How do warm intros compare to cold outreach on conversion? Warm intros convert to meetings 3 to 5 times more than cold outreach in every dataset we have measured. The compounding effect matters more than the headline number — a warm meeting also improves the quality of every subsequent conversation with the buying group.
Which buying group framework should I use — the six jobs or Challenger? Both. Gartner's six-buying-jobs model gives you a completeness check — did you name a human for every job the buying group has to perform? Challenger's Mobilizer/Talker/Blocker model gives you a power lens — of the people you have named, who actually moves the deal? Use the six jobs to enumerate, use Challenger to activate.
The bottom line
Buying groups have gotten bigger, more conflicted, and harder to reach through any single relationship. 10 to 11 stakeholders, 74% conflict rate, 60% buyer regret, 95% job revisiting — these are the numbers that define enterprise selling in 2026. Cold prospecting alone does not solve for that scale. Neither does a MEDDPICC template.

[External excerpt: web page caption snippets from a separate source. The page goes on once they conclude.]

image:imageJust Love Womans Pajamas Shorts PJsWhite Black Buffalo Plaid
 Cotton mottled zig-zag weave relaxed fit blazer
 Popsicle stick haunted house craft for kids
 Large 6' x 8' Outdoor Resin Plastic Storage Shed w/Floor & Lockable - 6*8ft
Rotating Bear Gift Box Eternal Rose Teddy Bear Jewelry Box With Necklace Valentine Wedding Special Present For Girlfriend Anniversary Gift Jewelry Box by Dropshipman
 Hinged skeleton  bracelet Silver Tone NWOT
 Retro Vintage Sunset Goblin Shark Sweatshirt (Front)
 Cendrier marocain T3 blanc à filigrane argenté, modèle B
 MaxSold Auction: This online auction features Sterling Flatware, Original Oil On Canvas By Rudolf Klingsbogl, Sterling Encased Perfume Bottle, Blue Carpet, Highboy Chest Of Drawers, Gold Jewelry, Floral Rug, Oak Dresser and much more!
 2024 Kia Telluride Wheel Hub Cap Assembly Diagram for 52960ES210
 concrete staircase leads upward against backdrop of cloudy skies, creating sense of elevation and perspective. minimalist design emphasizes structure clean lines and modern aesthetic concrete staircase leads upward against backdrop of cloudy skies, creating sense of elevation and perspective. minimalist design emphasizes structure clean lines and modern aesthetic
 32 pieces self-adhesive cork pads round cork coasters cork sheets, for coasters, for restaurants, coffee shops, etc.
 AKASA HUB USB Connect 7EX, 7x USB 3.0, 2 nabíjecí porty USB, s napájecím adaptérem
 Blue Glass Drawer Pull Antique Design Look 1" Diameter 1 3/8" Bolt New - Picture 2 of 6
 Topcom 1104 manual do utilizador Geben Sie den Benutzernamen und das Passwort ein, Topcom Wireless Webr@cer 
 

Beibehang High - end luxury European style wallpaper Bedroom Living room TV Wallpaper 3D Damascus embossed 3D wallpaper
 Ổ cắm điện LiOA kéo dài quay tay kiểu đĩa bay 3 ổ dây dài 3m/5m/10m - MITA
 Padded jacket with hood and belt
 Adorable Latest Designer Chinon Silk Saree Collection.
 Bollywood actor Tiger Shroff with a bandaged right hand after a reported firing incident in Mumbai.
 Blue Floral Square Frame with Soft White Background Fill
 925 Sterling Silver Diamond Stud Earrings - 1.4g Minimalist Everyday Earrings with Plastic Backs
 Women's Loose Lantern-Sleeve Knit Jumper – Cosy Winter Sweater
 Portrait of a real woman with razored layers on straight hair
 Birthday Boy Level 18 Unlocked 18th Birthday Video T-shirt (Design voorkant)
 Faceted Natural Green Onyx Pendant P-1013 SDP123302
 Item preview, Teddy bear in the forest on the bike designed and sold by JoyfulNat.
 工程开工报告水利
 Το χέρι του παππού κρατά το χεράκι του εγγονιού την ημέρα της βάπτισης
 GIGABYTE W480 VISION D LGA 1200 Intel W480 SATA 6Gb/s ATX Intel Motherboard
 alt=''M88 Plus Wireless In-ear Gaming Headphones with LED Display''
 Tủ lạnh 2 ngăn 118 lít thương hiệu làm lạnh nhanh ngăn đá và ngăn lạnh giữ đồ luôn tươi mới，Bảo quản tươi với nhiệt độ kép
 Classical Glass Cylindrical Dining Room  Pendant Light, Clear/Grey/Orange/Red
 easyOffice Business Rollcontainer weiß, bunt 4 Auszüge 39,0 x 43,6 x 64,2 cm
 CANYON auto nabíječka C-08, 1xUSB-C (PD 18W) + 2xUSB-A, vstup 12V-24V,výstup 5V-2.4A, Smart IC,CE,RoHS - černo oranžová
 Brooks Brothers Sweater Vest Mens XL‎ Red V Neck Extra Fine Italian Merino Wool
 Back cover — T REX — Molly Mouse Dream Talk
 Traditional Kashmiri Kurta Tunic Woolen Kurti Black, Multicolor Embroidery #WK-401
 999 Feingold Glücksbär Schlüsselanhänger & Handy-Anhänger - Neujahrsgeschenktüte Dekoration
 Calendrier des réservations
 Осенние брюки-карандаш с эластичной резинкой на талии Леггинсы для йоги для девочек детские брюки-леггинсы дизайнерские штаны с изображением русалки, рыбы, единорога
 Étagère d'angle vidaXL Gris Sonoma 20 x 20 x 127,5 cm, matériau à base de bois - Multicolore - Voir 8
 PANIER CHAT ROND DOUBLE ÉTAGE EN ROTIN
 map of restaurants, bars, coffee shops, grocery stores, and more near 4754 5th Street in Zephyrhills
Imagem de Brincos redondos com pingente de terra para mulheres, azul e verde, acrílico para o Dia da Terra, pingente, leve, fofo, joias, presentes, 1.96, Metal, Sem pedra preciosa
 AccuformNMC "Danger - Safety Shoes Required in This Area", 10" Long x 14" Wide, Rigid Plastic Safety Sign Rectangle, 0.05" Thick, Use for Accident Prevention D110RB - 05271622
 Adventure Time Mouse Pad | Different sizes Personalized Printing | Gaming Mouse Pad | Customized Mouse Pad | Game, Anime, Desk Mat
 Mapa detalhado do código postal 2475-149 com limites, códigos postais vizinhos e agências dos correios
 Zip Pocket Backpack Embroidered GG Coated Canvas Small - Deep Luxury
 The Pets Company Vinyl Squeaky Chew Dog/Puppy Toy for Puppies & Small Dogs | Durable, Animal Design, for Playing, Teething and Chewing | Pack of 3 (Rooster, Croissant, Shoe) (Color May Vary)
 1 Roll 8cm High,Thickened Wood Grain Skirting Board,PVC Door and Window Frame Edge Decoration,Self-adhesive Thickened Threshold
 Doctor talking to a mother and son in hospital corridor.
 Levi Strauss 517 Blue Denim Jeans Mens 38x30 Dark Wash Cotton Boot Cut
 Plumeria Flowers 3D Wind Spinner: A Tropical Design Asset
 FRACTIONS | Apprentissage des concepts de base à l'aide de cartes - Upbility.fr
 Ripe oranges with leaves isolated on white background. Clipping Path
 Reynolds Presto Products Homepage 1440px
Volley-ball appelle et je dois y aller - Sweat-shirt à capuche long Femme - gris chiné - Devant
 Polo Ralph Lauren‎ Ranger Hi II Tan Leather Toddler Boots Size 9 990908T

The teams winning right now are running a repeatable four-step play: enumerate every stakeholder against the six buying jobs, score the strength and recency of every relationship path, map the actual power dynamics inside the group, then sequence outreach warm-first with 4+ threads. Relationship intelligence is the data layer that makes each step possible at the scale a 10-11 person group requires. If you are still running this play from a CRM export and a rep's memory, you are leaving the majority of your warm paths on the table — and the buying group will notice.